Take the line containing "Audi A4 2023" through the last line of the data and retype those lines exactly. Pictures do not belong in the copy.
---*---
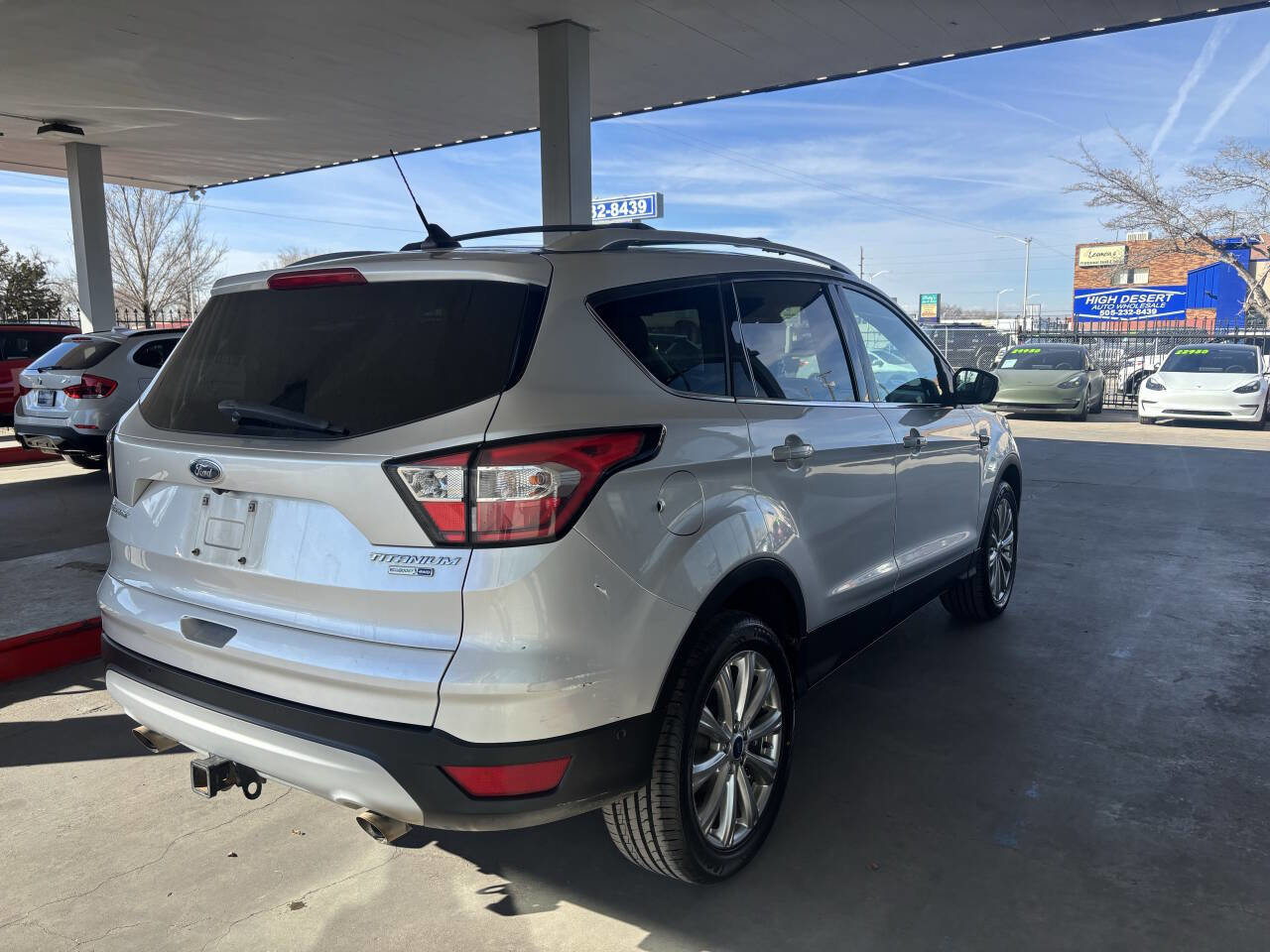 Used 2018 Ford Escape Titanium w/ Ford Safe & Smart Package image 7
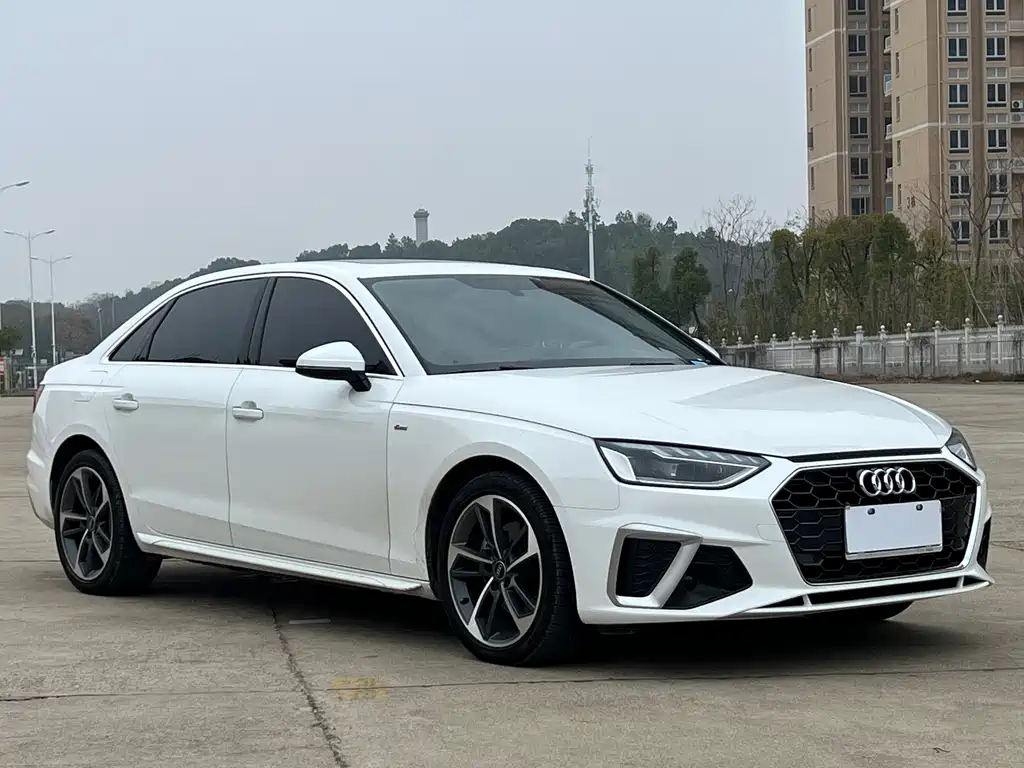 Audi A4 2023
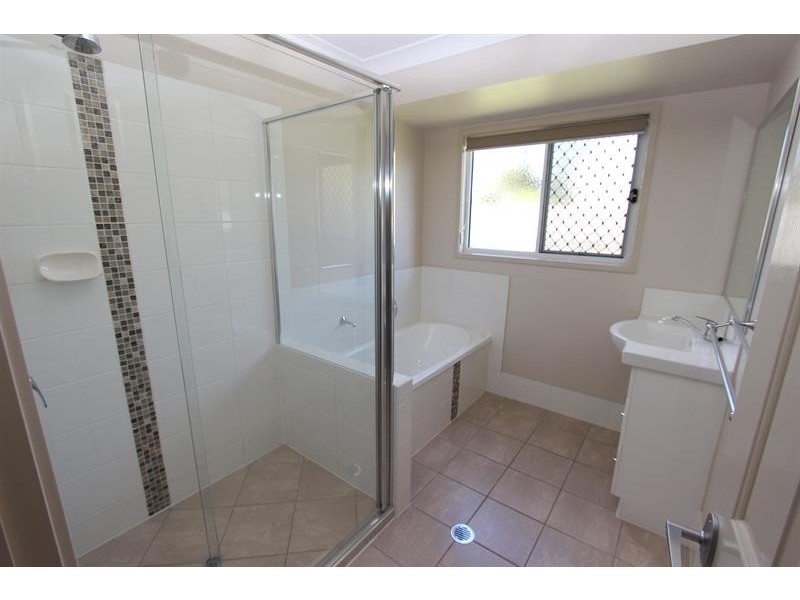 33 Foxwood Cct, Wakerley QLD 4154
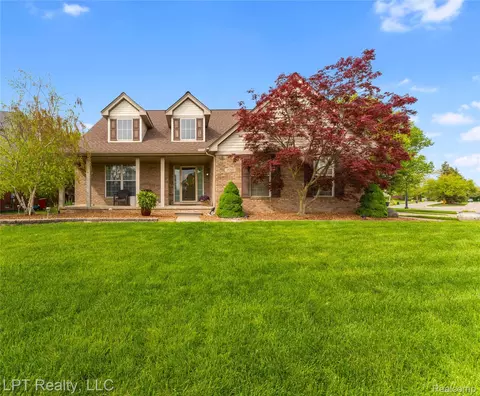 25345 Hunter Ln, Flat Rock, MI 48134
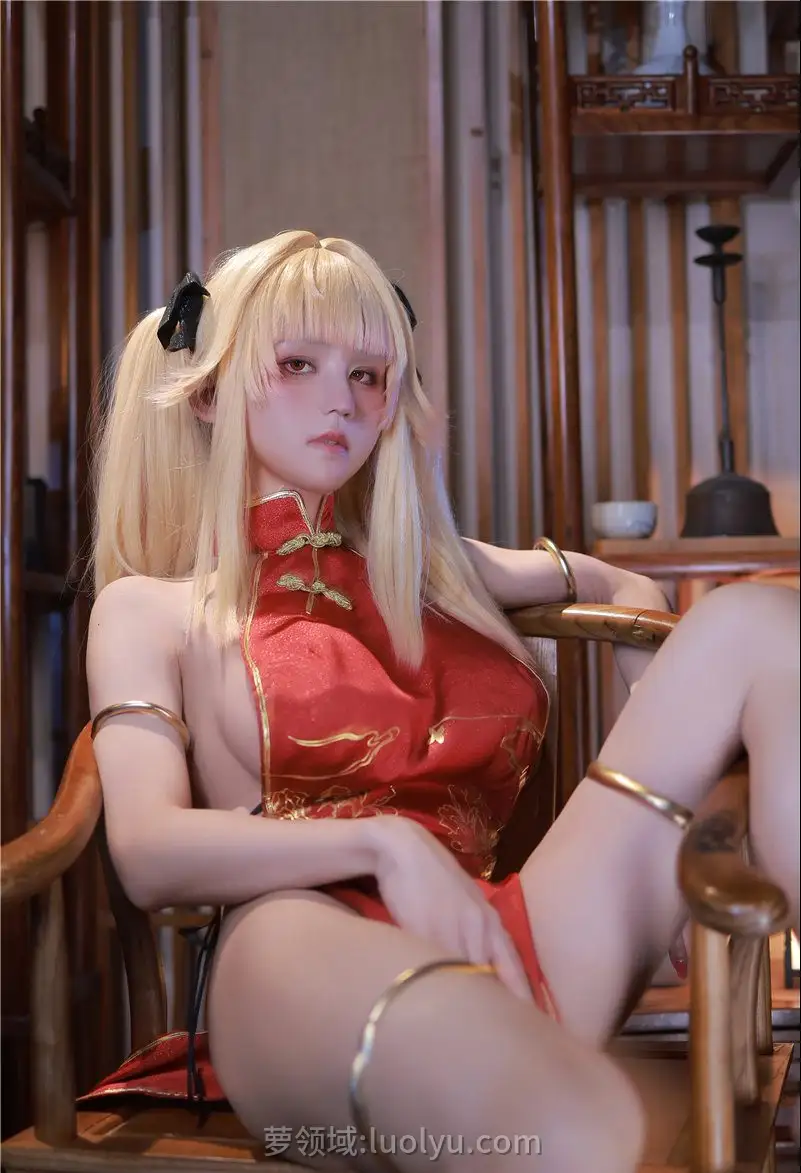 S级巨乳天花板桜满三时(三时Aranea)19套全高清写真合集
---*---
YOUR RESPONSE
 Audi A4 2023
 33 Foxwood Cct, Wakerley QLD 4154
 25345 Hunter Ln, Flat Rock, MI 48134
 S级巨乳天花板桜满三时(三时Aranea)19套全高清写真合集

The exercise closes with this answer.